6. The assembly of claim 1 including a track supporting said
elevator door for movement between open and closed positions, said
track including a first track portion and a second track portion
that is non-parallel to said first track portion; and a seal
positioned between said elevator door and said car frame wherein
said elevator door applies a compressive sealing force against said
seal as said elevator door moves from said first track portion to
said second track portion.
7. The assembly of claim 6, wherein said sill moves at a first
extension speed and said elevator door extends outwardly away from
said car frame at a second speed slower than said first speed to
release compression on said seal.
8. The assembly of claim 1, wherein said sill comprises a generally
flat plate presenting a continuous unbroken surface that extends
from the car frame to a landing structure.

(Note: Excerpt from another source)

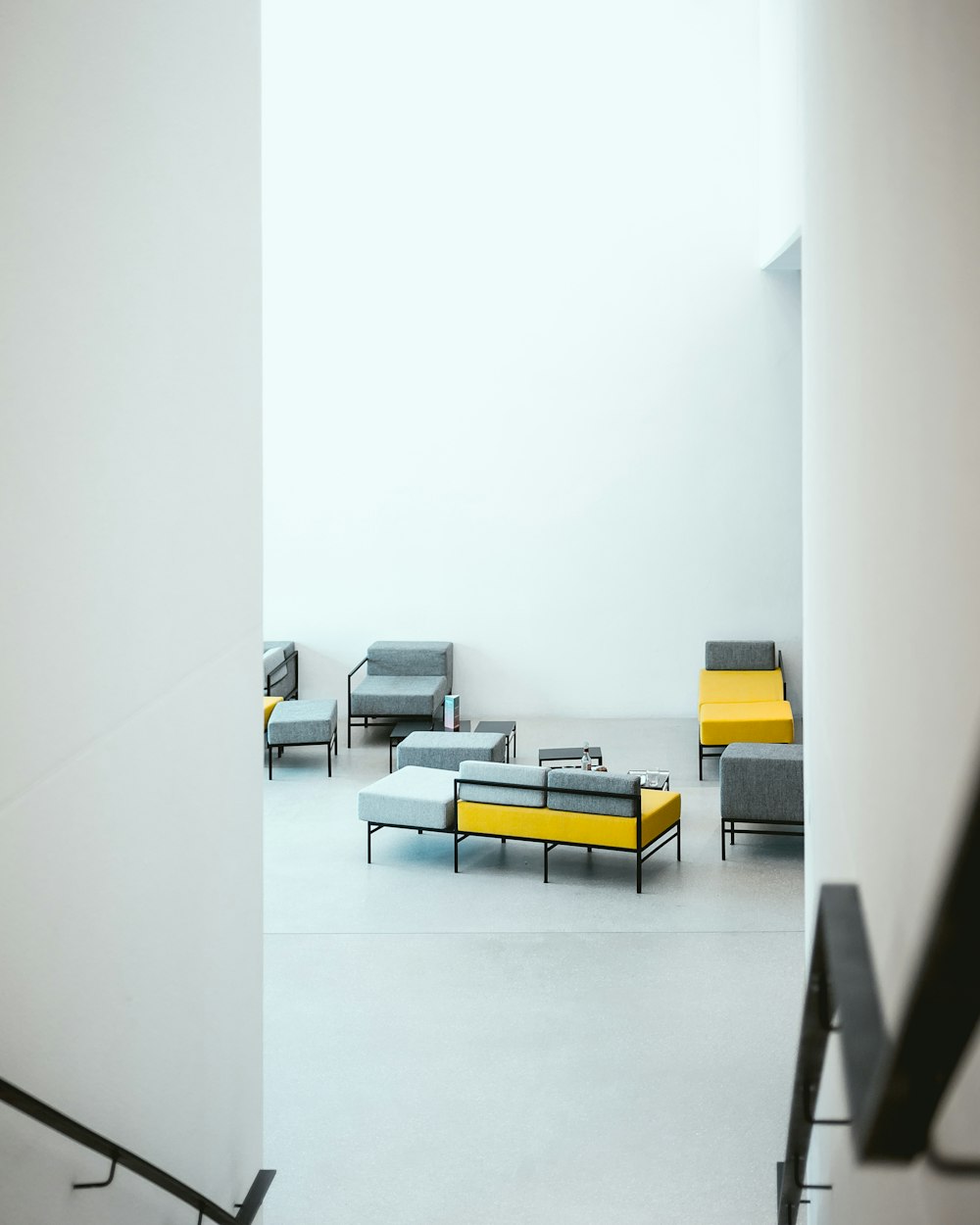 yellow and gray sofa set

9. The assembly of claim 1, wherein said sill extends outwardly
from underneath a car floor and is movable along a linear path
toward a landing structure and along a rotational path to
automatically adjust for misalignment between said car floor and
said landing structure.
10. The assembly of claim 1, wherein said sill is pivotally mounted
to a car floor and pivots away from said elevator door to engage
the landing structure.
11. The assembly of claim 1, including an actuator and locking
mechanism having at least one solenoid with an extendable shaft and
a locking element mounted for movement with said shaft wherein said
solenoid inserts said locking element through an opening in a
hoistway wall with said locking element subsequently moving from an
unlocked position to a locked position to prevent relative movement
between said car frame and said hoistway wall.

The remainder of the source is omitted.